By Rob Nielsen - | Jun 9, 2023

Tim Vandenack, Standard-Examiner

An election sign is posted outside the Weber County Fairgrounds complex on Monday, Nov. 7, 2022. It was announced Wednesday, June 7, 2023, that municipal primary and general elections across the state will be pushed back to accommodate a special election to fill the seat of U.S. Rep. Chris Stewart.

A sudden change in this year’s primary and general election dates across Utah will mean some brand-new territory and potential holiday work for election workers.

As a result of U.S. Rep. Chris Stewart’s announcement that he will resign from Congress on Sept. 15, Gov. Spencer Cox announced Thursday that — as a means of accommodating a special primary and special election for the vacant House seat along with this year’s municipal elections — new primary and general election dates hav been set. Primary elections will now be held on Sept. 5 while the general election will be held Nov. 21.

Previously, the primaries and general election had been scheduled for Aug. 15 and Nov. 7, respectively.

These additional weeks could have some impacts, though.

Weber County Clerk/Auditor Ricky Hatch noted that the primaries will now come into conflict with a major holiday.

“Primary election day falls on the day after Labor Day — a federal holiday — so the governor has proposed to change the postmark deadline for mailed primary ballots to the day of election day, rather than the day before election day,” he said. “This only applies to the primary election. The postmark deadline for the general election will still be the day before election day, or Nov. 20.”

He said that the same is true of the general election, which could slow down the release of final results.

“This shouldn’t impact the county’s workload, although with election day being two days before Thanksgiving, election officials will have a hurried, lean or possibly even a takeout Thanksgiving dinner this year,” he said. “There will likely be some additional cost, as the county will need to provide holiday overtime pay for personnel working elections on Labor Day and possibly Thanksgiving Day and Black Friday. Results on primary election day may represent a lower number of total ballots cast, since the (U.S. Postal Service) will not be delivering mail on Labor Day. Updated releases of results after the general election day may be delayed due to the Thanksgiving holiday.”

Hatch said this is a very new situation for him.

“I’m not aware of Utah ever changing the actual dates of elections before — certainly not since I took office,” he said. “When Rep. (Jason) Chaffetz resigned, Utah state law didn’t have the provisions in place that it has now, so the plan to replace him was more flexible. In fact, that situation is what prompted the changes to the election law.”

Despite treading new territory and potentially being more costly due to the adjacent holidays, Hatch said he feels the governor made the right decision.

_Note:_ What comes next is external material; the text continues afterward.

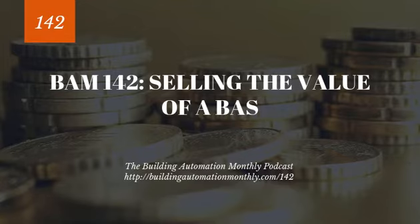This is the Building Automation Monthly Podcast with Phil Zito, Episode 142. Hey folks, Phil Zito here and welcome to Episode 142 of the Building Automation Monthly Podcast. In this episode, we are going to be talking about how to sell the value of a building automation system.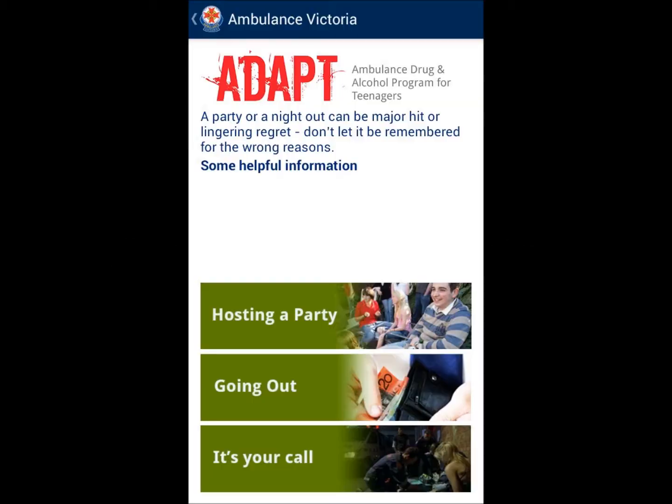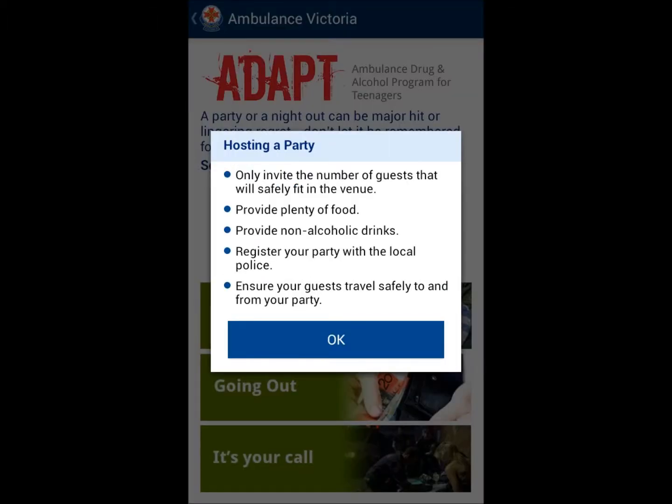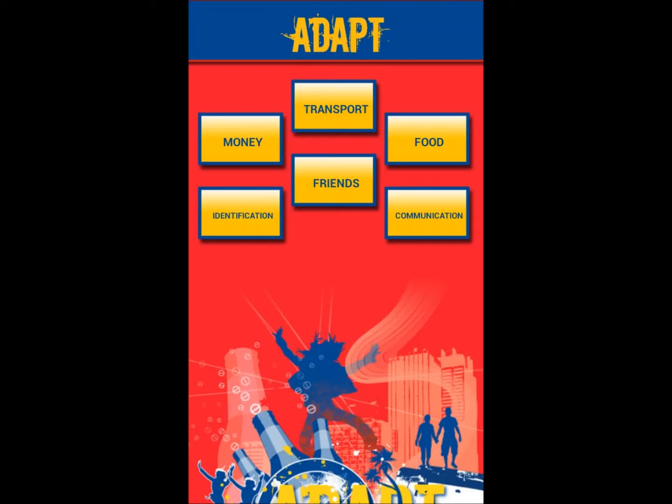There is an extension on the computer interactive activities in the form of an app for mobile devices. This app includes the same three scenarios covered on the computer website, in which the students are required to identify the ten hazards in each scenario.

“I understand the desire to replace Rep. Stewart as quickly as possible,” he said. “I also understand the importance of consistency in elections. A lot of thought and discussion went into this decision, and I’m sure the governor, lieutenant governor and legislative leadership did not make this decision lightly. I appreciate the thoughtful solution that Gov. Cox has proposed, that it takes into consideration the needs of candidates, cities, election administrators and, most importantly, voters.

He added that, no matter when the elections are held, local officials across the state will strive to keep the election secure.

“For many county clerks in Utah, these two elections will be their first elections,” he said. “It’s important to note that the safeguards that are in place will help ensure that, even with the change in dates and the new personnel, these elections will be run with the same high level of security and accuracy as all of our elections in Utah. County election administrators stand ready to serve the public with the same nationally recognized level of excellence that we’ve had in prior elections.”